▶ EXERCISE DETAILS
Skip every picture, then write out exactly the lines of the listing below from the line that contains "Photo of property" through the final line.
(COLLECTED DATA)
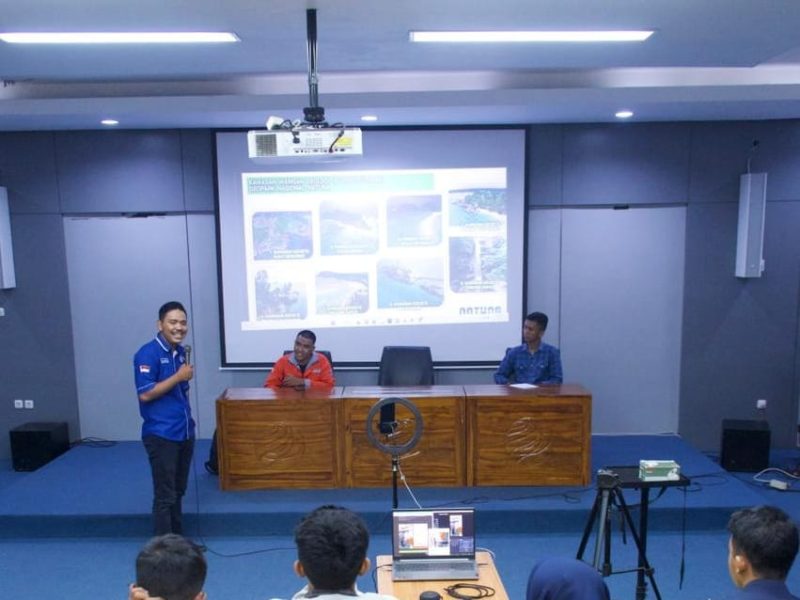 Badan Eksekutif Mahasiswa Politeknik Perkapalan Negeri Surabaya (BEM PPNS) sekaligus koordinator isu Maritim BEM Seluruh Indonesia (BEM-SI) Kerakyatan menggelar kajian publik menyoroti sejumlah isu strategis maritim di Kepulauan Riau  seperti RUU Daerah Kepulauan dan Pertahanan Natuna. Foto: Dok. Panitia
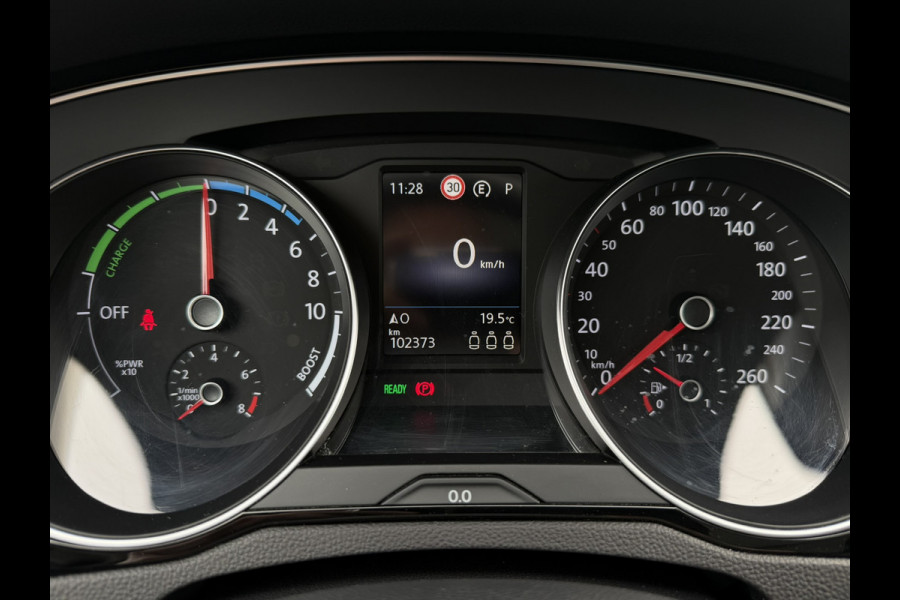 Volkswagen Passat Variant 1.4 TSI PHEV GTE Business | Pano | Elek. Trekhaak | Head-Up | Carplay | LED | Camera | Navi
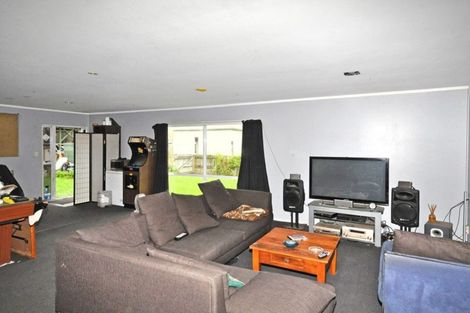 Photo of property in 35 Township Road, Waitakere, Auckland, 0816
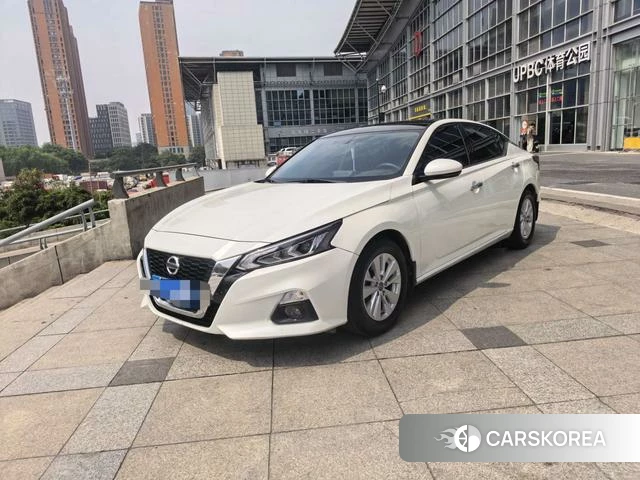 Nissan Teana 2019 Белый из Китая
(End COLLECTED DATA)
▶ SOLUTION FOR THIS EXERCISE
 Photo of property in 35 Township Road, Waitakere, Auckland, 0816
 Nissan Teana 2019 Белый из Китая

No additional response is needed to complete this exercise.